Carden Aero Engines Limited was a 1930s British fixed-wing aero-engine manufacturer, based at Heston Aerodrome.

History
Sir John Carden established the company in March 1936, while the Flying Flea craze was sweeping Britain. He saw a need for a cheap low-powered propulsion unit for ultralight aircraft.
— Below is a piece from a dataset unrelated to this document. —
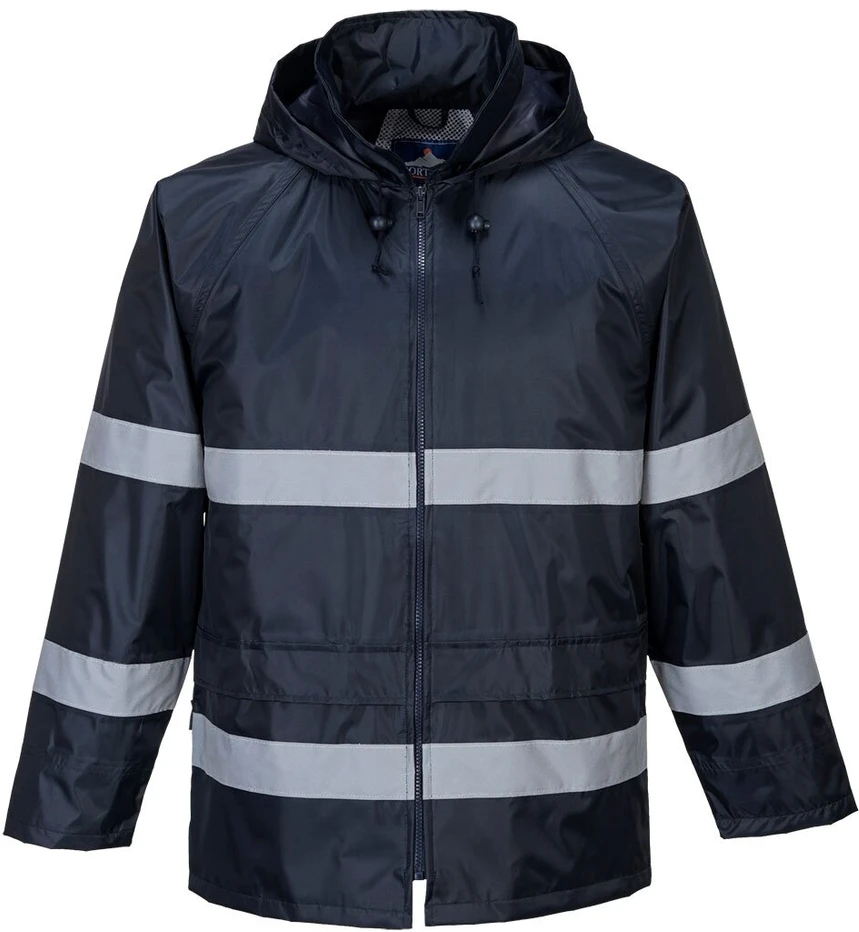 IONA striukė nuo lietaus Portwest F440, Dydis: M, Pw spalvos: Juodas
The engine was an adaptation of the well-proven and reliable Ford 10 Model C motor car engine.

Following the death of Sir John in an air accident in December 1935, the company was taken over by Carden-Baynes Aircraft Ltd, and later sold to Chilton Aircraft Ltd, Chilton Foliat, near Hungerford, Berkshire.

Engines
Carden-Baynes Auxiliary
The Carden-Baynes Auxiliary engine, as used on the Scud III Auxiliary sailplane, was a 2.5 hp Villiers air-cooled two-stroke, capacity 350 cc.
Carden-Ford 31 hp 4-cyl
A much modified Ford 10 car engine.
Carden-Ford S.P.1
Further development of the 31 hp engine, with a centric supercharger, 1.1:1 gear ratio, splined propeller shaft extension and horizontal mounting for flush wing mounting. Used exclusively on the Carden-Baynes Bee.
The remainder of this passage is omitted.